=== DATA FOR THIS TASK ===
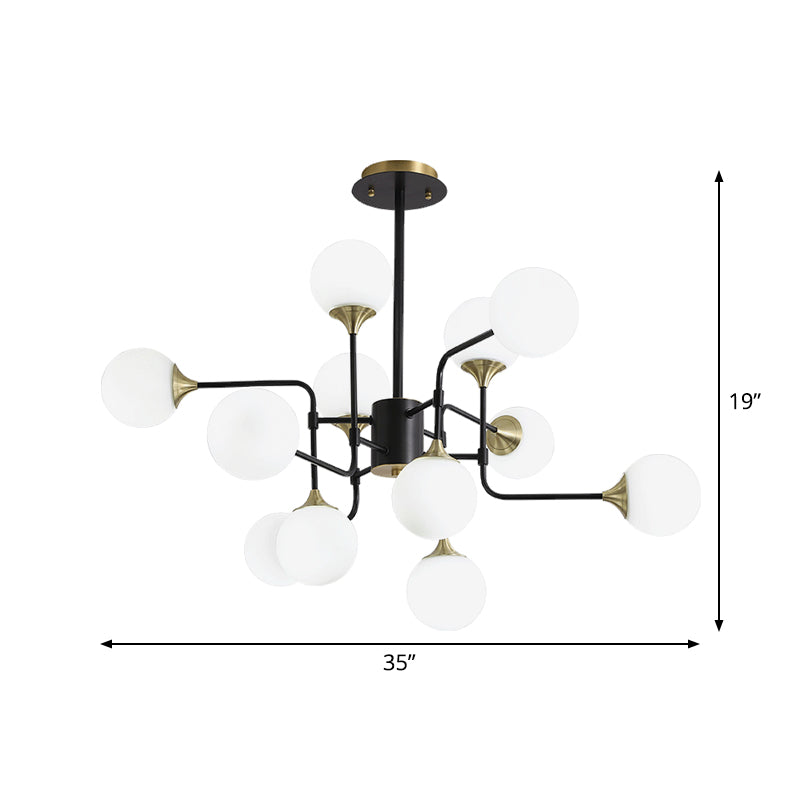 Modern Black and Gold Branch Hanging Lamp with Milky Ball Glass Chandelier Light Fixture - 8/12/16-Light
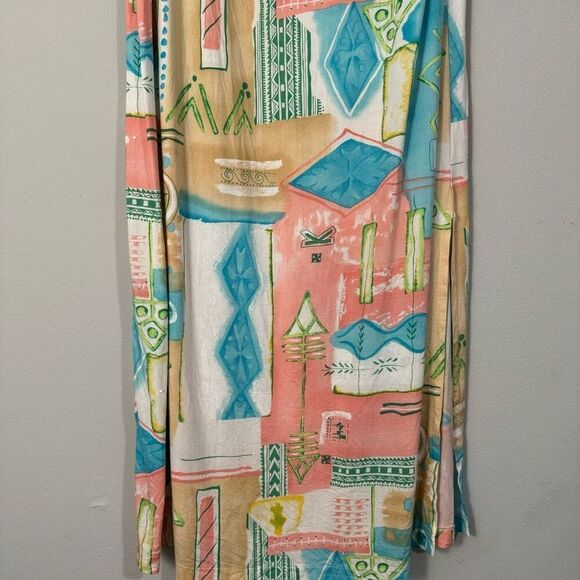 Vintage Sea Suns 90s Printed Tank Dress & Button Down Set M - Picture 4 of 9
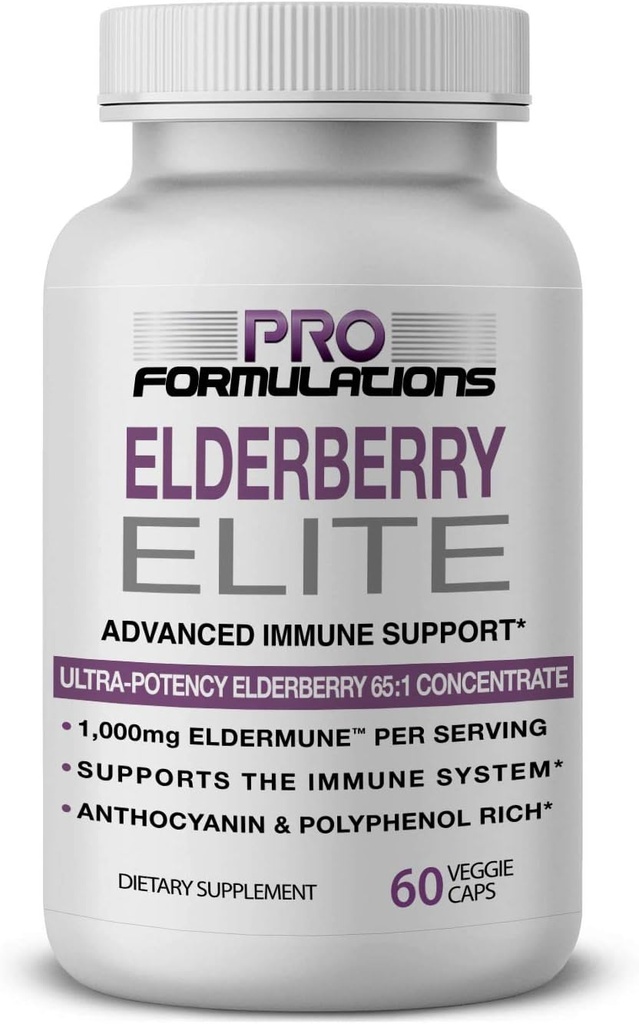 Pro Formulations — Elite Elderberry — Strongest Available Elderberry Extract 65:1 — Advanced Immune Support Capsules - 60 ct — 1.000 mg ανά υπηρεσία — Χορτοφαγικά, Χωρίς Τεχνητά Χρώματα ή Γεύσεις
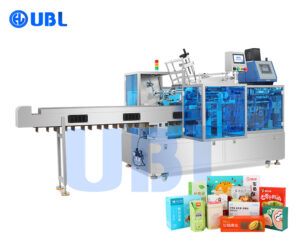 UBL-ZP-02 Glue Spraying Cartoning Machine, ideal for efficiently gluing and packing electronics, cosmetics, and food products into cartons. Designed for fast, precise, and reliable automated packaging.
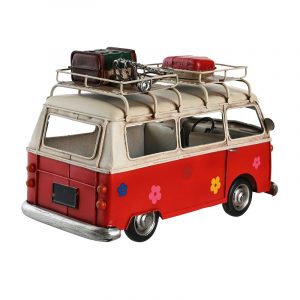 Surtido 2 Furgonetas Decorativa, de Metal, Azul Marino y Rojo Celeste Flower Power - Imagen 2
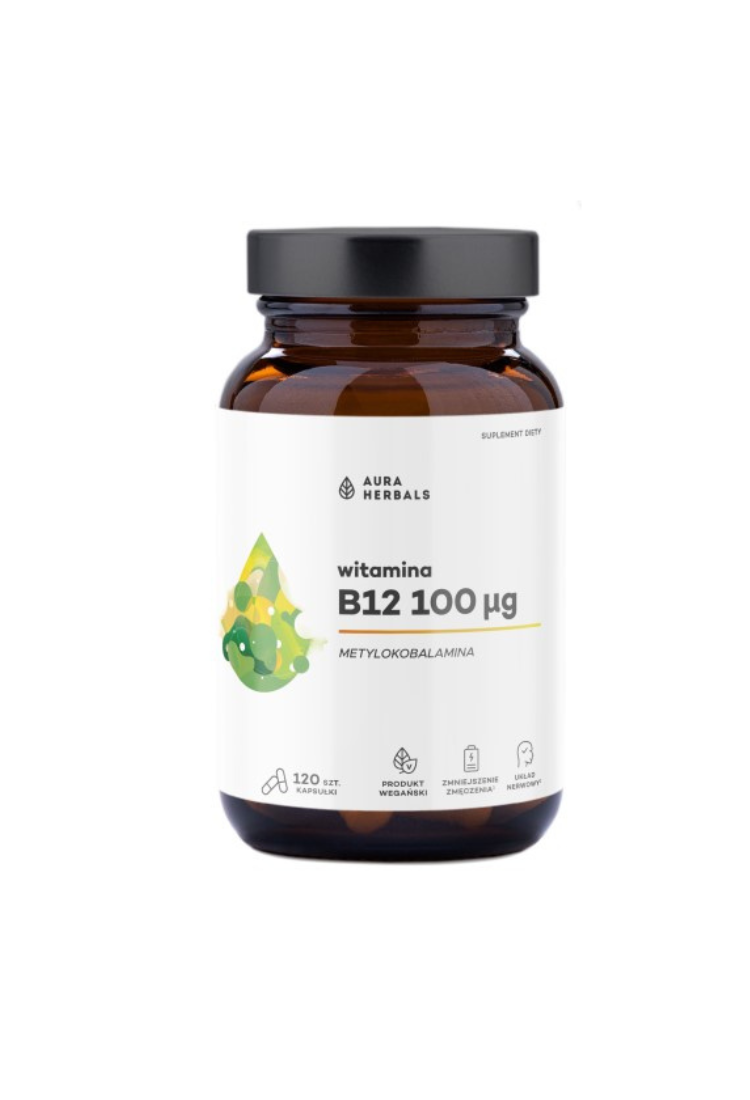 Aura Herbals Vitamin B12 100 µg, methylcobalamin 120 capsules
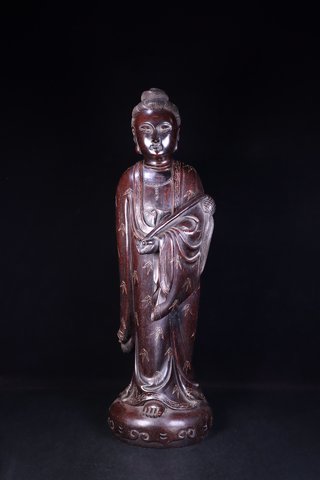 紫檀|回流:老紫檀木雕镶银丝观音立像。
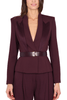 GIACCA BLAZER CORTA IN CREPE CON CINTURA BORDEAUX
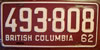 British Columbia 1962 License Plate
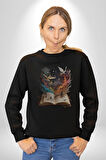 Hikaye Roman Kitabı Gerçekleşti Kadın Erkek  Siyah Baskılı Sweatshirt 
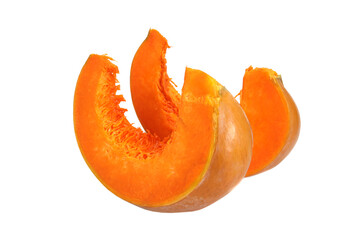 Slices of ripe orange juicy pumpkin isolated on white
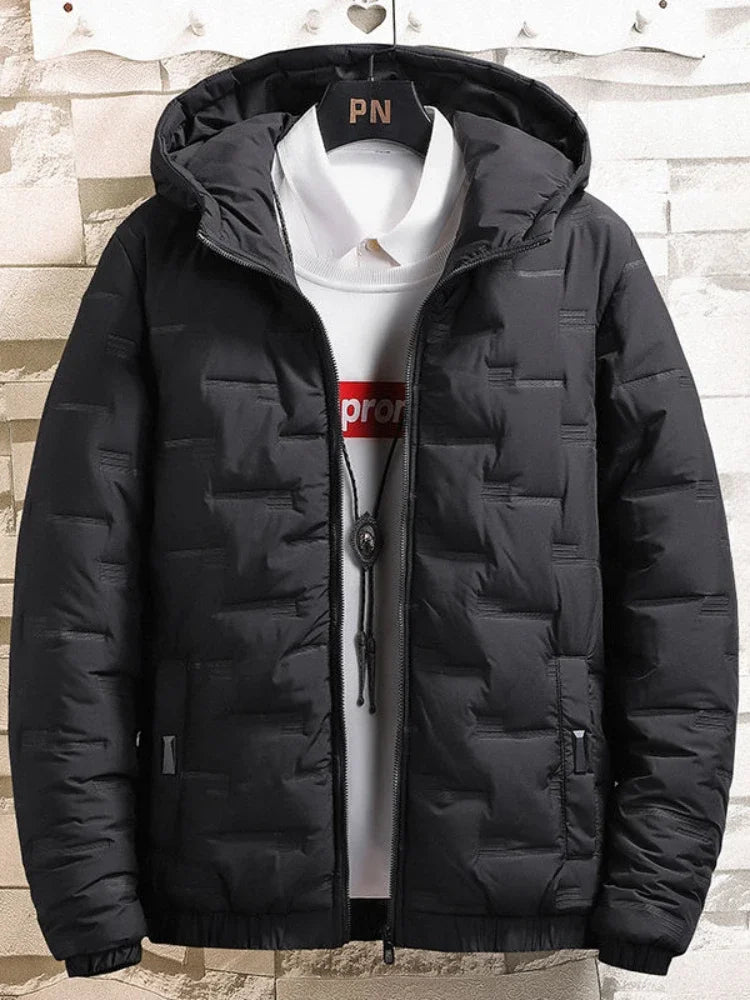 Down Jackets for Men Hooded Man Padded Coat Fashion 2024 Parkas Lightweight Padding Cold Warm Clothes New in & Korean Popular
===
▶ _TASK PROMPT_
Repeat the data in full, exactly as it stands, but drop every picture.

▶ _TASK ANSWER_
 Modern Black and Gold Branch Hanging Lamp with Milky Ball Glass Chandelier Light Fixture - 8/12/16-Light
 Vintage Sea Suns 90s Printed Tank Dress & Button Down Set M - Picture 4 of 9
 Pro Formulations — Elite Elderberry — Strongest Available Elderberry Extract 65:1 — Advanced Immune Support Capsules - 60 ct — 1.000 mg ανά υπηρεσία — Χορτοφαγικά, Χωρίς Τεχνητά Χρώματα ή Γεύσεις
 UBL-ZP-02 Glue Spraying Cartoning Machine, ideal for efficiently gluing and packing electronics, cosmetics, and food products into cartons. Designed for fast, precise, and reliable automated packaging.
 Surtido 2 Furgonetas Decorativa, de Metal, Azul Marino y Rojo Celeste Flower Power - Imagen 2
 Aura Herbals Vitamin B12 100 µg, methylcobalamin 120 capsules
 紫檀|回流:老紫檀木雕镶银丝观音立像。
 GIACCA BLAZER CORTA IN CREPE CON CINTURA BORDEAUX
 British Columbia 1962 License Plate
 Hikaye Roman Kitabı Gerçekleşti Kadın Erkek  Siyah Baskılı Sweatshirt 
 Slices of ripe orange juicy pumpkin isolated on white
 Down Jackets for Men Hooded Man Padded Coat Fashion 2024 Parkas Lightweight Padding Cold Warm Clothes New in & Korean Popular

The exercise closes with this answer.